Canaccord Genuity analyst Austin Moeller lowered Virgin Galactic Holdings Inc (NYSE:SPCE) price target to $36 (an upside of 259%) from $44 and maintained a Buy rating on the shares after the company announced plans to offer $425 million in convertible notes, with purchasers receiving an option for an additional $75 million.
- Moeller reduced the price target to reflect the potentially dilutive impact of the shares from the convertible note offering.
- However, in his discussion with management, the company maintained its schedule to initiate passenger space travel in Q4 of 2022.

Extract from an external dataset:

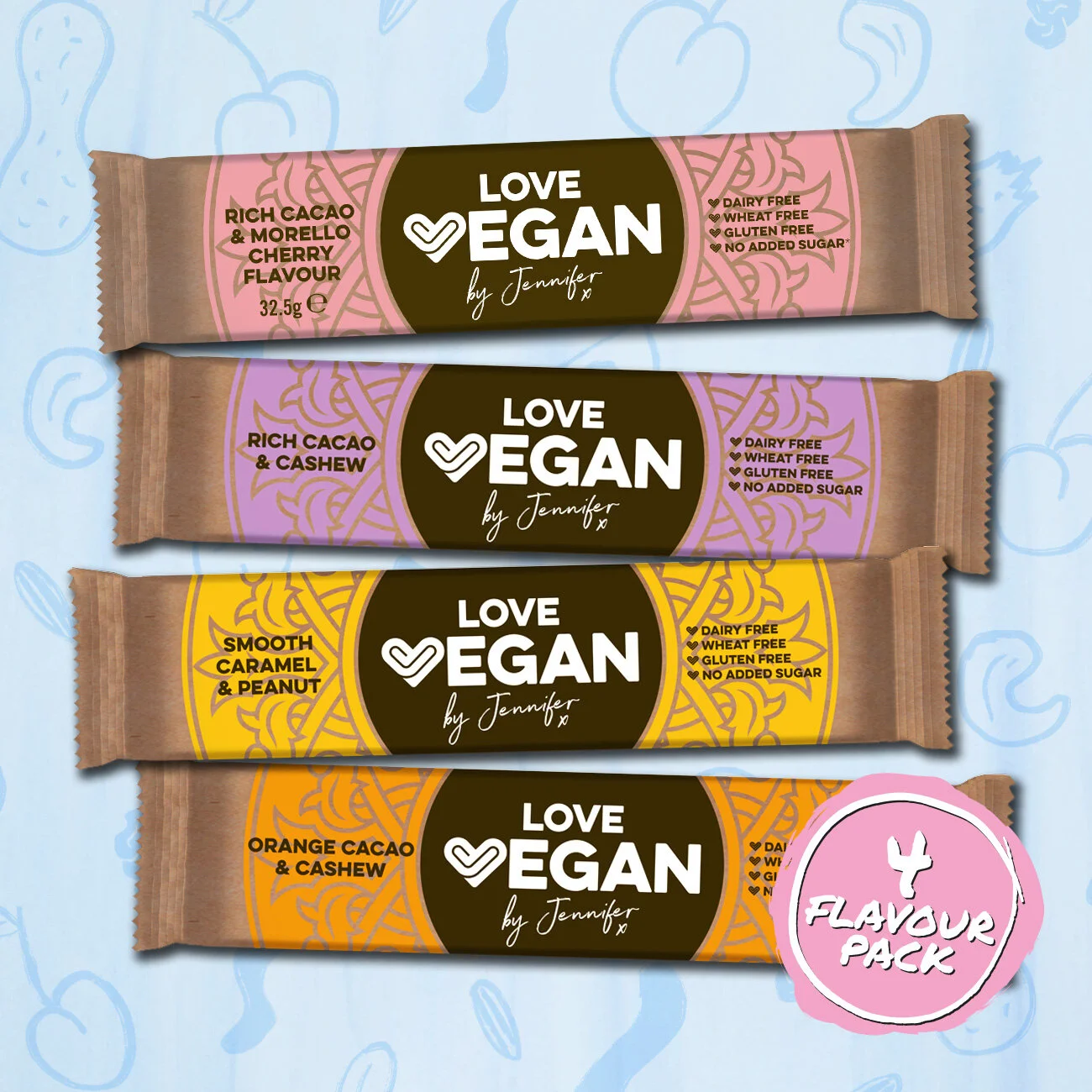 Mixed Pack of Love Vegan Snack Bars - 4 Varieties in a 24 Bar Pack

- The analyst remains confident in Virgin Galactic’s business model, which he says features a “promising” total addressable market of at least 1.3 million high-net-worth individuals.
- Moeller adds that the company has a spaceship platform that has already demonstrated the capability to transport humans into space.
- Separately, Virgin Galactic priced its offering of $425 million of 2.50% convertible senior notes due 2027 in a private offering. The issuance and sale of the notes are scheduled to settle on January 19, 2022.
- The company granted the initial purchasers an additional $75 million principal amount of notes.
- Net proceeds from the offering are anticipated to be ~$413.7 million. The company intends to use ~$52.3 million to fund the cost of entering into the capped call transactions and fund working capital, general and administrative matters, and capital expenditures to accelerate development.
- Also Read: Virgin Galactic Stock Drops Below A Key Support Level: What’s Next?
- Price Action: SPCE shares are trading higher by 0.80% at $10.11 during the premarket session on Friday.